Data below: Begin

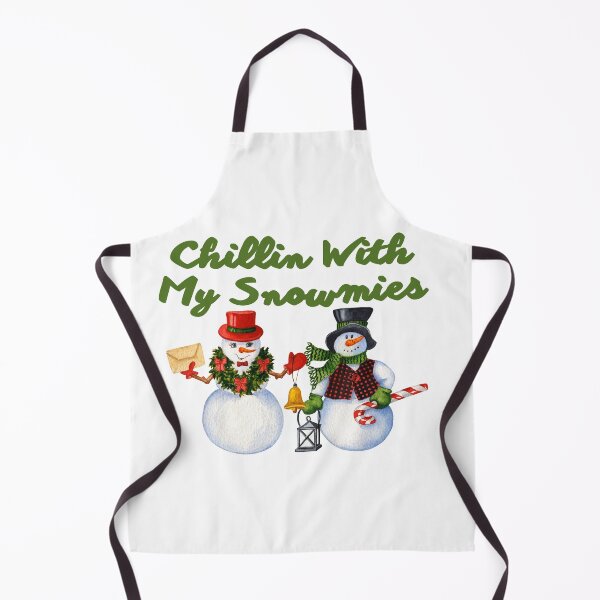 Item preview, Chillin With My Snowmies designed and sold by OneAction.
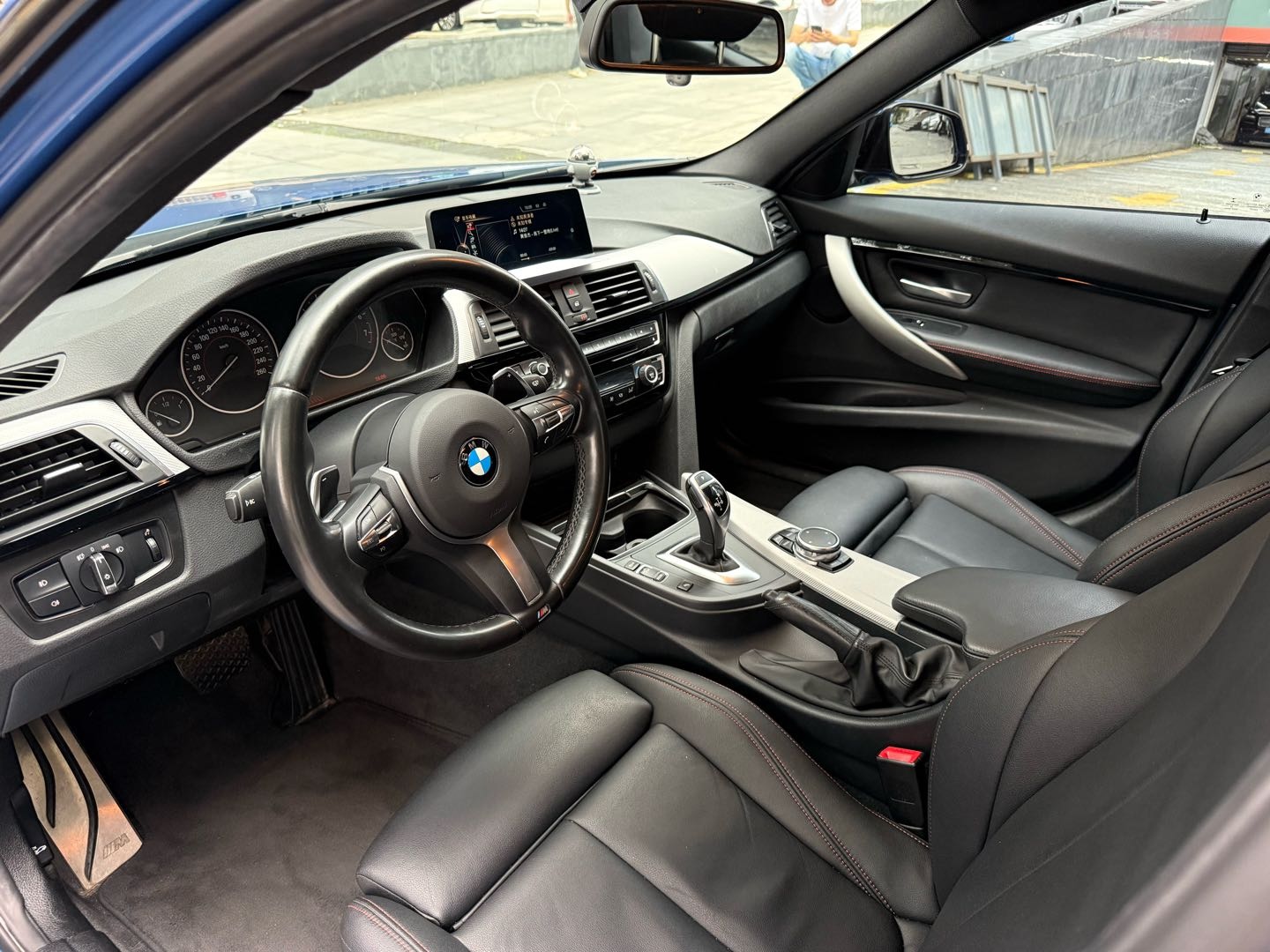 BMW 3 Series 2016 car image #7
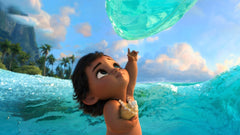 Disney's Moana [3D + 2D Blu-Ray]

Data below: End

Restate the material word for word; no picture should appear in the copy.

### Solution
 Item preview, Chillin With My Snowmies designed and sold by OneAction.
 BMW 3 Series 2016 car image #7
 Disney's Moana [3D + 2D Blu-Ray]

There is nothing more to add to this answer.